She added: “Poor Khloé, we all have the same gene. If I go over to Khloé’s house, she’s walking around with a bottle of something, scrubbing, at all times.”

(Indeed, a teaser for one of last season’s episodes of KUWTK showed that daughter sponging something off her white walls — these being Kardashians, it turned out to be body makeup — the fallout of a fight between Kim and Kourtney.)

Cleaning, of course, has long been women’s work, and that is Ms. Jenner’s specialty: hers is a female-dominated kingdom — Amazona! — where the males are vestigial. She recalled growing up working in her grandmother’s candle shop, graduating from the wrapping department to the cash register; how as a young woman she worked as a stewardess, and later ran a children’s store. Her fans will remember her early hustle, pitching a modern Brady Bunch (with a sex tape) to a bemused Ryan Seacrest.

“I dipped my toe into what turned out to be an ocean many years ago,” she said. “I come from a background of really strong women who were very excited to get into businesses of their own to keep the lights on.”

Ms. Teigen said: “Even though our lives seem so over the top and so bonkers, I think people do see themselves in the mistakes we make. And there is something to be said for being able to see yourself in someone that is trying to get you to buy something, to love something.”

Of course, Safely is not the first disrupter of the cleaning space, as marketers like to say.
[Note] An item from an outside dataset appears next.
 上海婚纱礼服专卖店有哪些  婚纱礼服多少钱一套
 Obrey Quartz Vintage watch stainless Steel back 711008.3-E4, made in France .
At the turn of the last millennium, in the post-feminist world where an earlier iteration of Martha Stewart once reigned, places of drudgery, like laundry rooms, became aspirational spaces.

Cleaning products were infused with essential oils and exotic scents like patchouli and green tea and sold as aromatherapy. Cleaning equipment was reimagined with retro styling, as beautiful objects worthy of display. Restoration Hardware, when that company really was a hardware store, albeit a high-end one that ran on nostalgia and narrative merchandising, sold horsehair brooms and wool dusters. Williams Sonoma taught customers to buy $95 dustpans, and $9 parsley countertop scrub. The act of cleaning by unpaid laborers — as sociologists sometimes call women working in their own homes on domestic tasks — was at the same time elevated by an air of expertise and professionalism.

A lawyer and philosophy professor named Cheryl Mendelson produced a nearly 900-page cleaning primer, “Home Comforts: The Art and Science of Keeping House,” like a Mrs. Beeton but with a Ph.D., and Ms. Stewart followed suit, some years later, with her own more than 700-page treatise, “Martha Stewart’s Homekeeping Handbook.”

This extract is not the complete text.